Square D Co. v. Scott Elec. Co., 2008 WL 2779067 (W.D. Pa. July 15, 2008).
Here is another case a defendant has managed to lose entirely by poor judgment in e-discovery. It is doubtful the merits of the case matter much any more here, since defendant and its counsel have lost all credibility with the court through their over-aggressive discovery tactics. They tried to evade discovery and then did not fulfill their responsibilities, nor follow the court’s order. The result is a costly forensic examination of all of their computers and sanctions that stop just short of a default judgment. Here are the words of District Court Judge Nora Barry Fischer, whose patience has obviously worn out.

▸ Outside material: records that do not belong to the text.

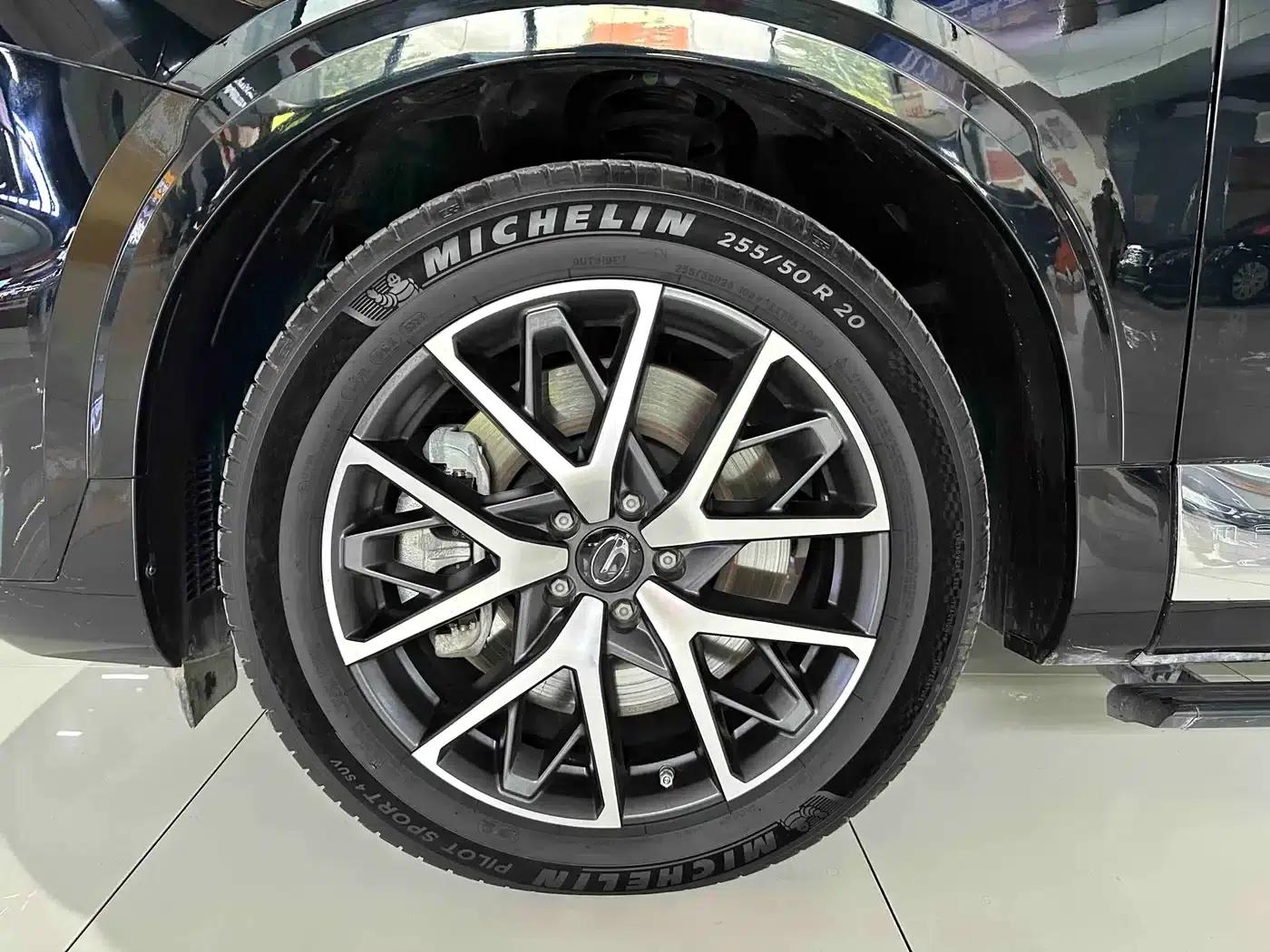 Trumpchi ES9 2024 PHEV 143km Max — миниатюра 17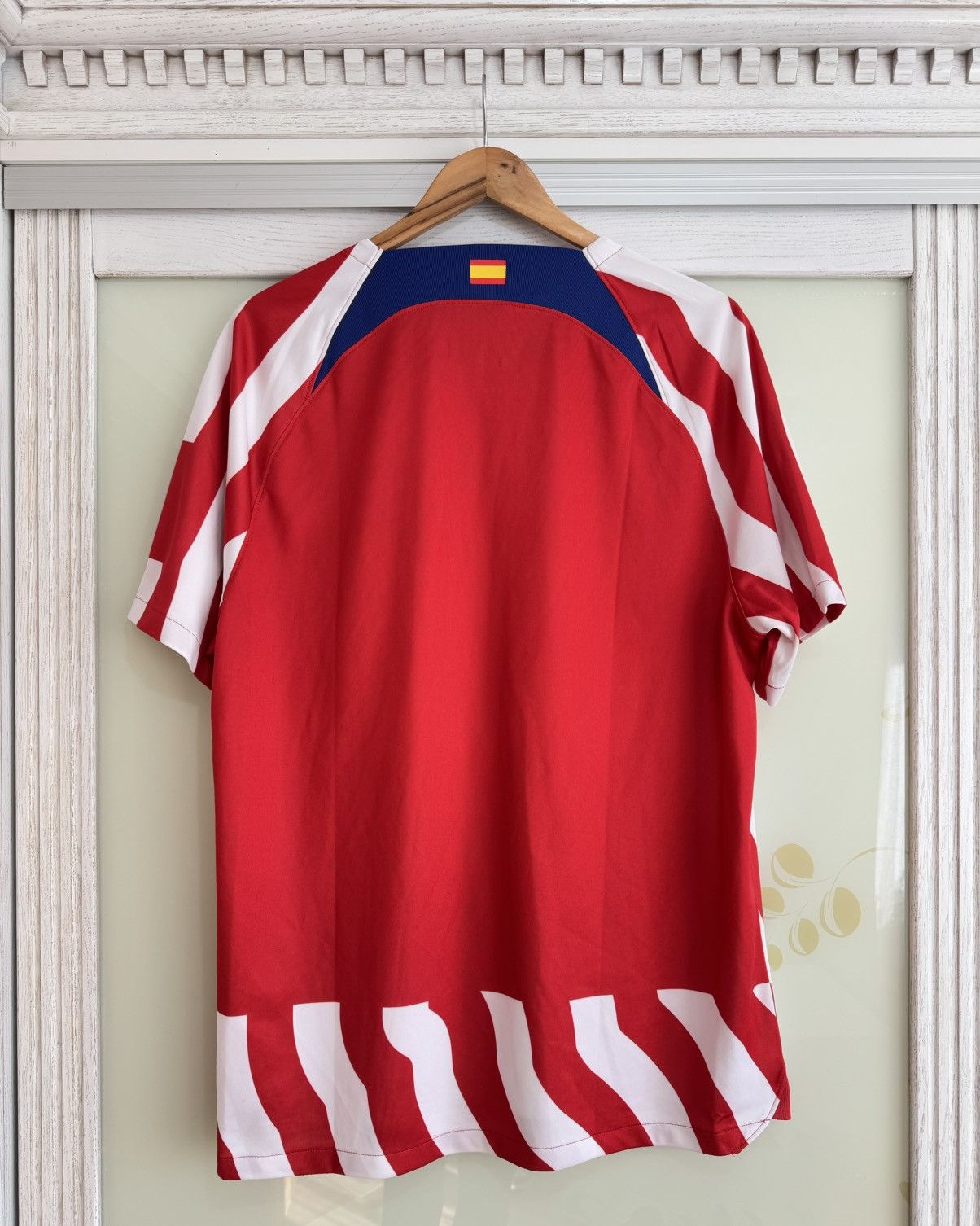 Nike Atletico Madrid 2022-2023 Home Soccer Jersey Football Kit Size US XL / EU 56 / 4 - 2 Thumbnail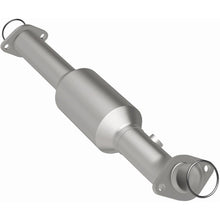 Load image into Gallery viewer, Magnaflow 05-15 Toyota Tacoma 4.0L Direct Fit Converter
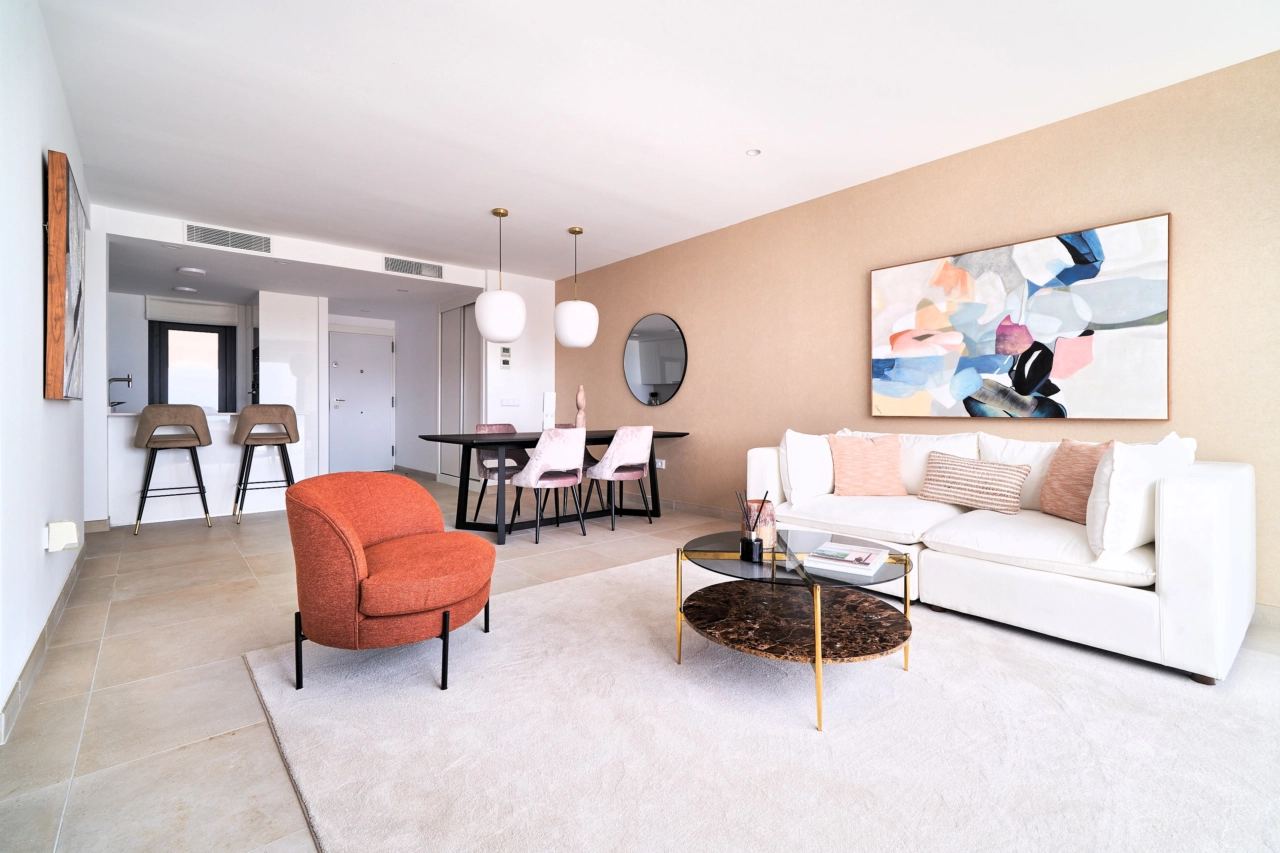 Lyse og elegante opholdsrum designet til komfort, med moderne indretning og finish af høj kvalitet.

In conclusion, while the Court has previously spoken of its frustration regarding the discovery process in this case, it is becoming clearer to this Court that Defendant Globe and its counsel bear much of the responsibility for the continual and unreasonable delays in effectuating the Court-ordered forensic inspection and for the other delays in the discovery process in this case. With that in mind, the Court wishes to impress upon Globe and its counsel that any further restrictions unilaterally imposed by it or its counsel on the forensic inspection (in any regard) as well as any other baseless barriers impeding the completion of discovery will be met with sanctions. The Court shall conduct a post-inspection status conference on August 19, 2008 at 10:00 a.m. and counsel shall appear in-person. The Court advises the parties that if additional discovery disputes arise, the Court may require them to utilize a special master, with costs to be borne by the parties.

Note here how Judge Fischer uses the threat of a special master and the expenses that will incur as a stick to try to cajole good behavior. This seems to be a tactic that more and more judges are using lately.

Sterle v. Elizabeth Arden, Inc., 2008 WL 961216 (D. Conn. Apr. 9, 2008).
This is yet another case where aggressive defense lawyers use old fashioned advocacy in e-discovery. As usual, they end up doing more harm than good. This is a wrongful employment termination case like Zubulake. Plaintiff requested the production of Department Stores Fragrance Group (DSFG) sales reports that tracked employee performance. Defendant claimed that seven key DSFG reports were no where to be found and so they could not produce them. Apparently the court did not believe Defendant’s convoluted excuses, and so ordered a forensic exam of Defendant’s computer system.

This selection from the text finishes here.